The Real Deal New York

Officials want to stop the McMansionization of Bay Ridge

Councilman says developers abused special permits to expand homes

June 14, 2016 07:00AM
By Kathryn Brenzel

72nd Street in Bay Ridge (inset: Councilman Vincent Gentile)

72nd Street in Bay Ridge (inset: Councilman Vincent Gentile)

Officials in southwest Brooklyn are pushing to get rid of a zoning trick that lets homeowners expand one- and two-family homes.

Community Board 10, which includes Bay Ridge, Dyker Heights and Fort Hamilton, is seeking to bar a zoning rule that allows homeowners to build out one- and two-family homes beyond the area’s zoning restrictions. District manager Josephine Beckmann filed a ULURP application on Tuesday to exclude the neighborhoods from the zoning rule, which allows certain homeowners to apply for a special permit for the expansion of floor-area and 10-foot encroachments into the required 30-foot backyards.

The district adopted the zoning rule 20 years ago to encourage families to stay in the area, rather than moving to other neighborhoods for bigger homes, according to a report issued by the City Planning Commission at the time. The idea was to entice families to “grow in place,” to add a needed room for a new baby or an extra alcove, Councilman Vincent Gentile told The Real Deal. In practice, however, the special permits have drawn developers.

“What has resulted in practice and reality is developers and investors outside this community use this provision to buy property, and the very first thing they would do is apply for a special permit,” he said. “The investors and the developers have abused what was the original intent of this special permit.
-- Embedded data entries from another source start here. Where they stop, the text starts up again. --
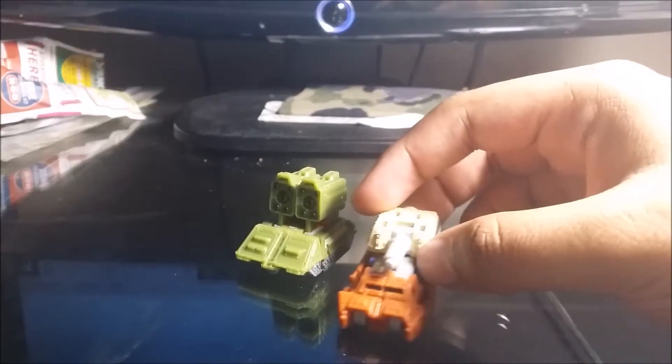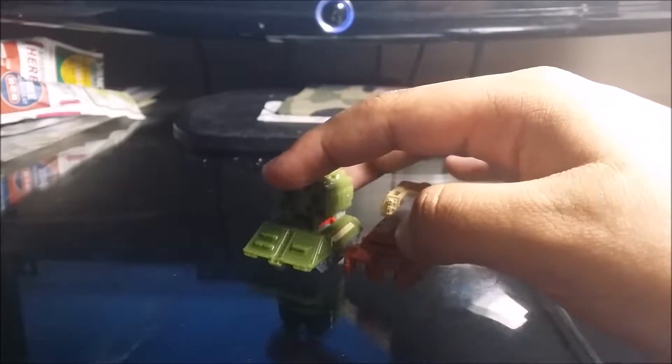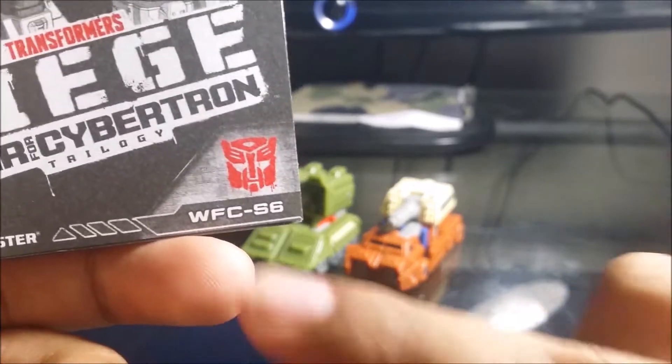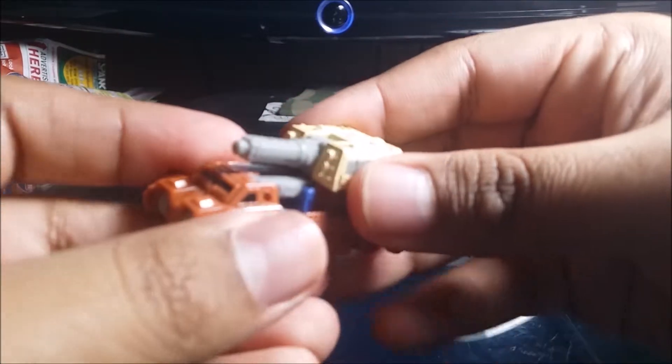I have one of them — it's the Battle Patrol. We have Autobot Top Shot and we have Flak, the WFC-F6 Micromaster Battle Patrol. I don't have the original packaging because I threw it away. It's Christmas day, so I want to say Merry Christmas, Happy New Year, and happy holidays to everybody!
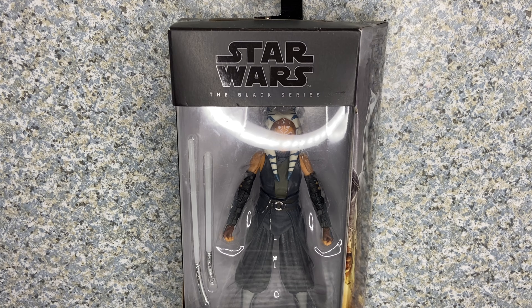Hello Star Wars fans, this is jar369. Welcome back for another figure review. Today I'll be taking a look at the Star Wars Black Series Ahsoka Tano from The Mandalorian, made by Hasbro.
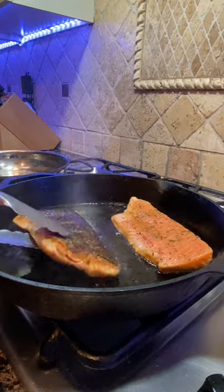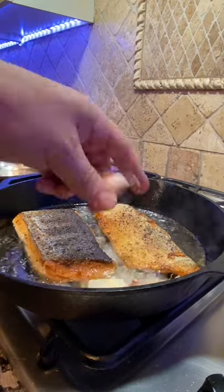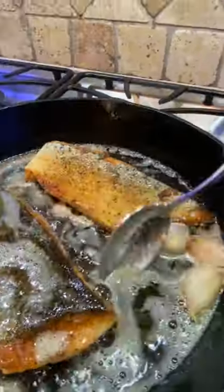Feeling adventurous? Add in some thyme, Cajun, oregano, or rosemary. And you know the drill — get that pan nice and toasty and add in olive oil.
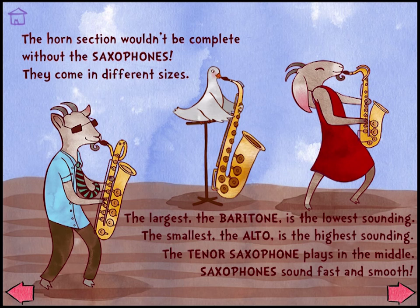The smallest, the alto, is the highest sounding. The tenor saxophone plays in the middle. Saxophones sound fast and smooth.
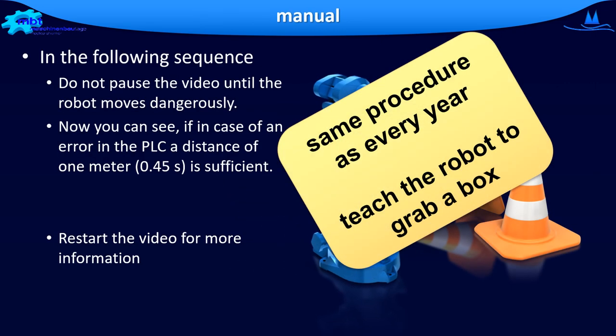Have you been lucky? Could you stop the robot in time? Then it's time for the next test. In this test, you teach the robot to grab a box. Its speed is only limited by the PLC. If the robot moves faster than the teaching speed, you need to stop the robot. You can now see if, in the case of an error in the PLC, a distance of 1 meter would have been enough so that the robot does not hit you. Restart the video afterwards.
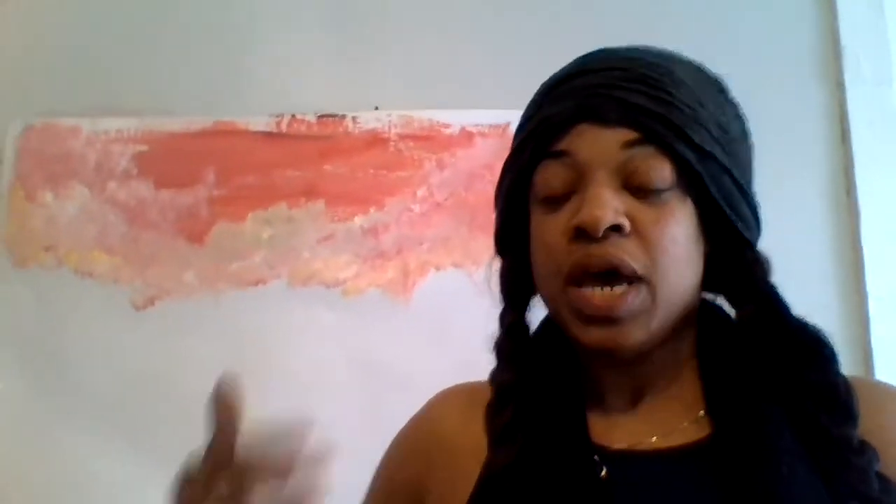When I get done with the painting I'll post it on YouTube and on Facebook too. Many thanks for your time — namaste. Make sure you like, share, and subscribe. Thanks for tuning in if this is your first time, and if it's your second time, thank you for returning — big ups for your loyalty. I'll talk to you guys soon, bye!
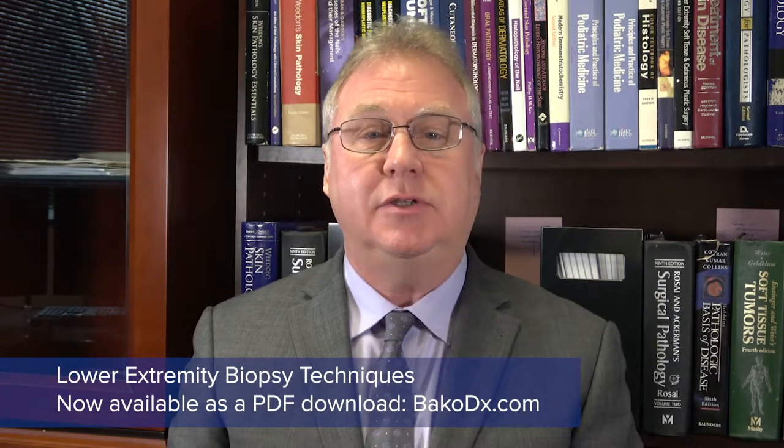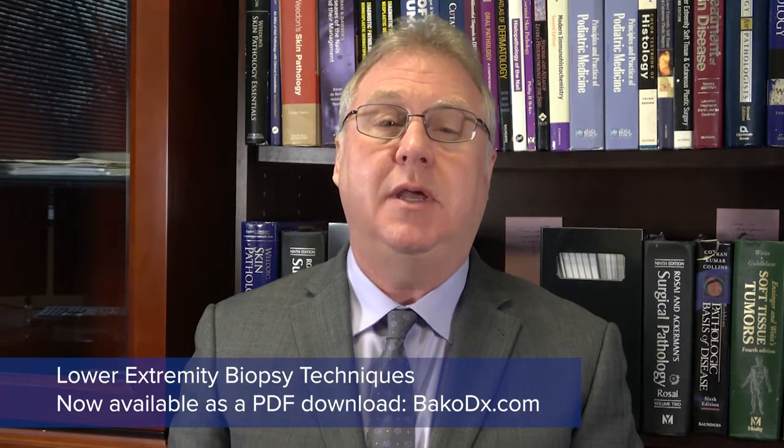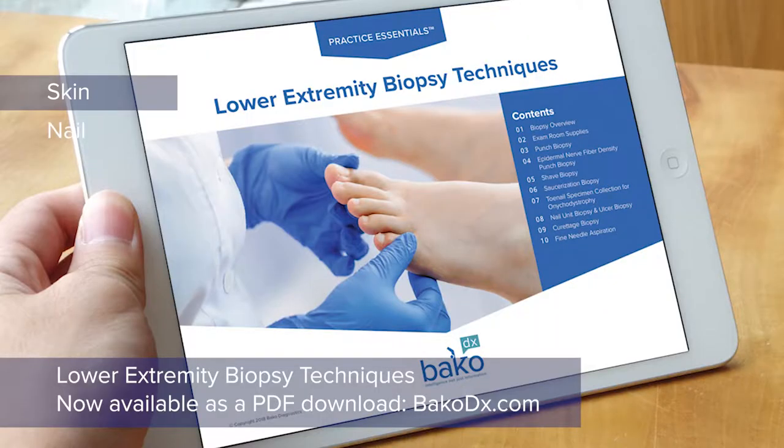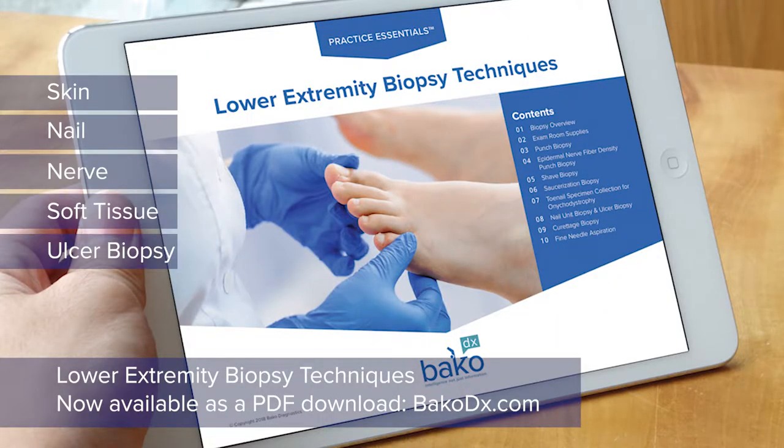This booklet is a result of many contributors and was developed to share evidence-based medicine and best practices for skin, nail, nerve, soft tissue, and ulcer biopsy techniques.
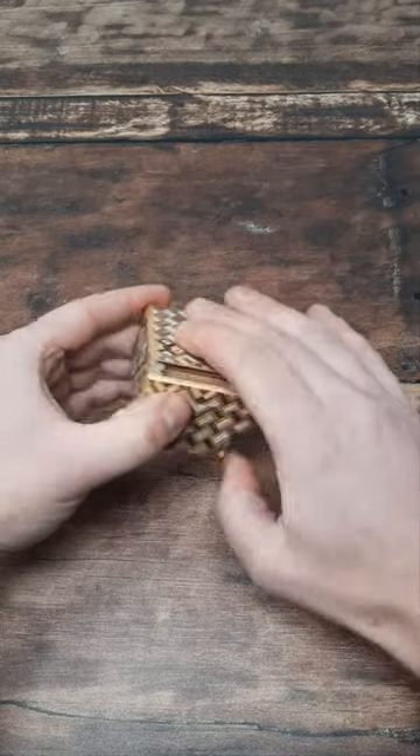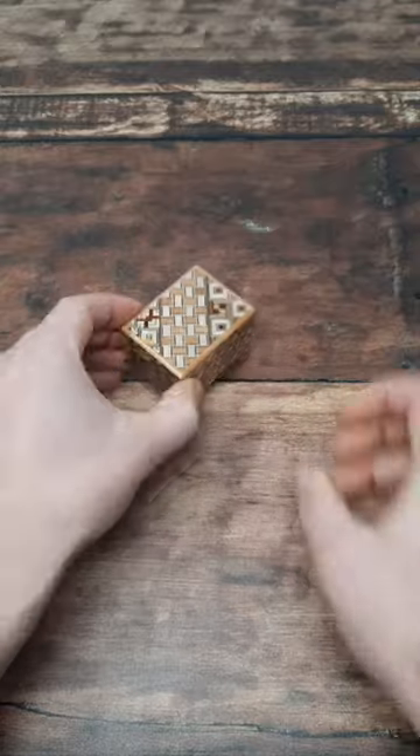To lock it back up again, you simply do the same in reverse, and then it's sealed.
Gentile said abuse of the special permit unravels protections against overdevelopment that he and others fought for over a decade ago. In 2005, the City Council approved sprawling down-zoning legislation that expanded the number of blocks in Bay Ridge that are restricted to single and two-family homes.

Renee Dorsa, a lifelong resident and a broker with Dorsa Realty Group, said that she feels that the special permit is actually an important tool for families looking to stay in Bay Ridge. As prices climb in the neighborhood, moving to a bigger house in Bay Ridge is becoming more difficult.

“Pulling the zoning completely inhibits families and forces families to leave,” she said.

Other districts in Brooklyn — areas that include Bensonhurst, Gravesend, Kings Bay, Borough Park, Midwood and Flatbush — are also eligible for the special permit under the zoning rule. The ULURP only seeks to remove the 10th District.